Monday, July 18, 2011

Harry Potter and the Half-Blood Prince (David Yates)

The two with a task.

Now this is what's great when a Potter film is done particularly right. After a slightly weak effort in "Harry Potter and the Order of the Phoenix", director David Yates has replenished this film with a brilliantly balanced mix of teenage love (developing between Potter and friends) and the gritty abundance of dread polluting and tinting the air as the brooding presence of the Dark Lord is getting more and more overwhelming and his powerful than ever arrival a pure inevitability.

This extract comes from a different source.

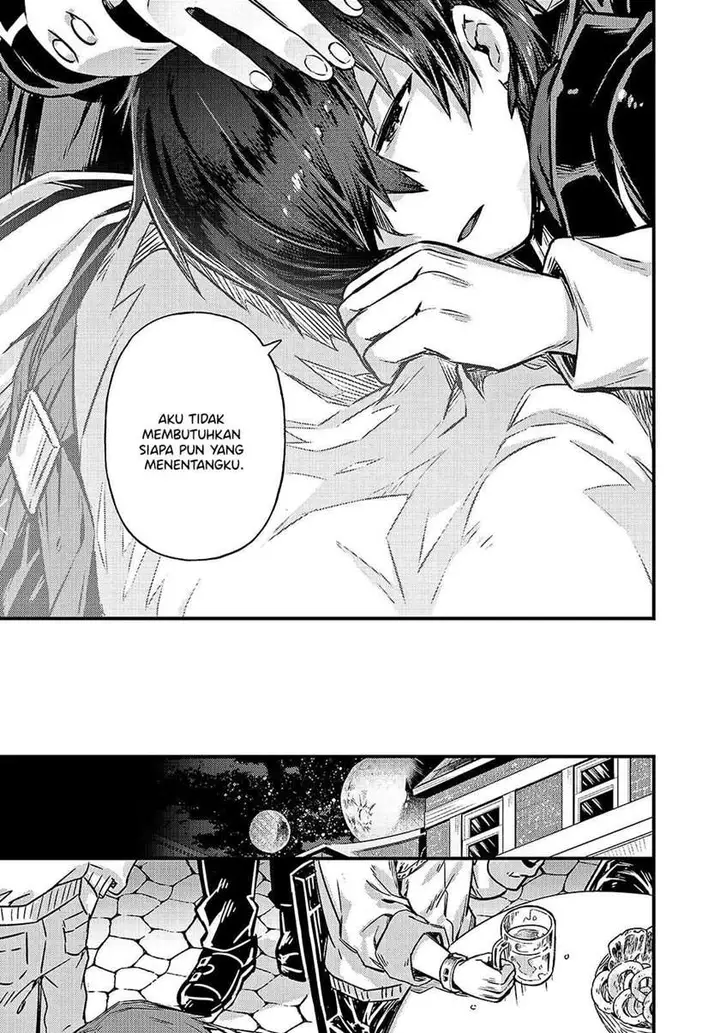 image-komik-oreaku-ore-wa-seikan-kokka-no-akutoku-ryoushu-chapter-3-32/37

For the first time, although it initially looked like "Harry Potter and the Half-Blood Prince" will be a conflicted film, tone and theme-wise (whether it will emphasize the romantic subplot more or fully focus on the desperate quest to uncover Voldemort's secrets and exploit a loophole in his self-achieved immortality), it came out as a great combination of both and ended up as a truly ideal film in the franchise that can appeal both to those who seek the obviously inescapable romance between our heroes (mainly the teenage audience) and those who like their Potter film broodingly stirred and menacingly thawed.

Daniel Radcliffe, who I found to be quite stiff in the previous chapter, has qualitatively raised his performance a notch higher and looked more comfortable and eager as the lightning-scarred chosen one. On surface level, his character may look too hard to comprehend. One scene he is as confident as ever, but in the next, he's as insecure as the next nerdy fellow. He may be a reluctant hero, but his Harry Potter role can be viewed, especially in this film, as a representation of the destruction of people's 'not a care in the world but confused as all hell' teenage monotony. A cyclic stage in one's life broken by one's choice to move deeper and deeper into the intricacies of a dangerous, world-threatening affair as part-curiosity and part-bravery.

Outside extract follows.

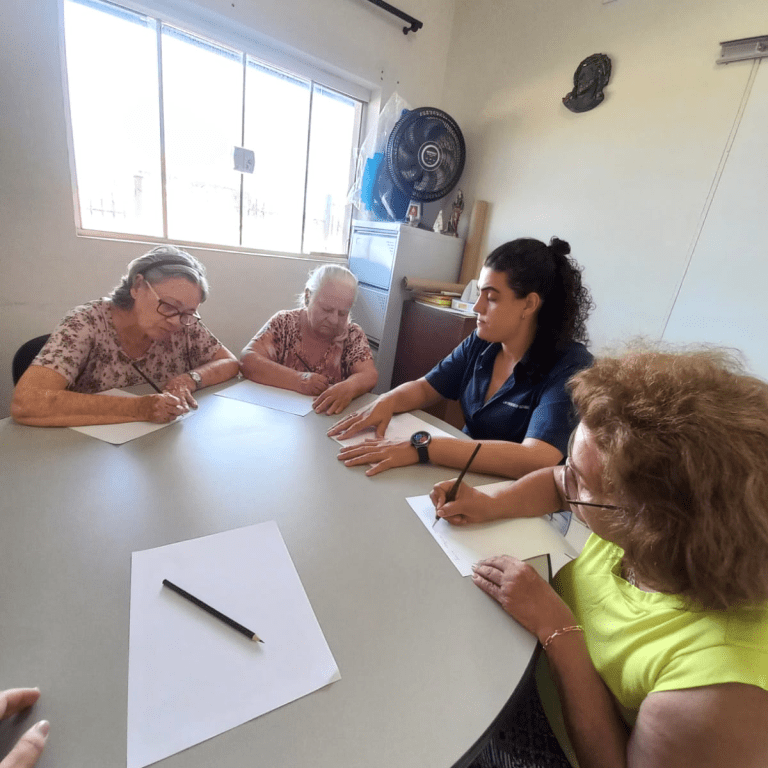 WhatsApp Image 2026-01-30 at 12.34.37 (1)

Maybe 'revenge' is Potter's ultimate goal, but looking at his numerous adventures that seems to beat more around the bush than to progress, I can quietly see that J.K. Rowling attached this 'retribution' scenario (and also the 'chosen one' prophecy) as subtle MacGuffins to subtly move the whole intricate plot line so that her characters' countless adventures can be wholly justified. After all, "Harry Potter" is essentially a children's fantasy book, a genre where bulks of make-believe journeys are nothing but commonplace.

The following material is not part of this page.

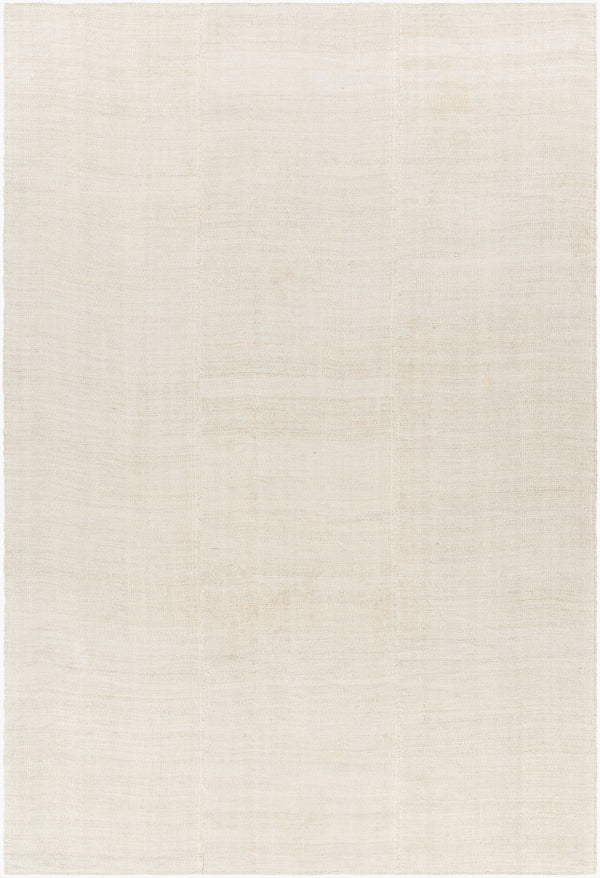 Antique One of a Kind Handmade Rug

But back into the whole "Half-Blood Prince" situation, it was a beautifully placed (and enhanced by the film's revelations' seamless narrative timing) penultimate complication that creates what seems like momentary displays of adolescent happiness and then juxtaposing these emotional elements with the contrasting difficulties that lies ahead for Dumbledore (a great performance by Michael Gambon) and company like a massive Herculian task. It's a film, although mainly tinted with pale, eviscerated colors, that supports itself with the strength of its solid 'black and white' visual comparisons (scenes of romance and of downfall). And with that alone, I think the film has succeeded to be a very strong installment in the franchise with such a simple cinematic approach in contrast.

Another note-worthy performance is of Jim Broadbent as Horace Slughorn, a very crucial character that is rightfully downplayed by Broadbent with the needed lack of awareness and apathetic ineptitude towards the darkening weather of events. True, "Harry Potter and the Half-Blood Prince" might as well be one of the most uneventful films in the franchise in terms of action sequences, but as a Potter film that is finally equipped with the needed bridge across a trodden path into an impending end, this is a film of heart-pounding emotional proportions. Raising wands and trickling tears, this one's one of the best in the series.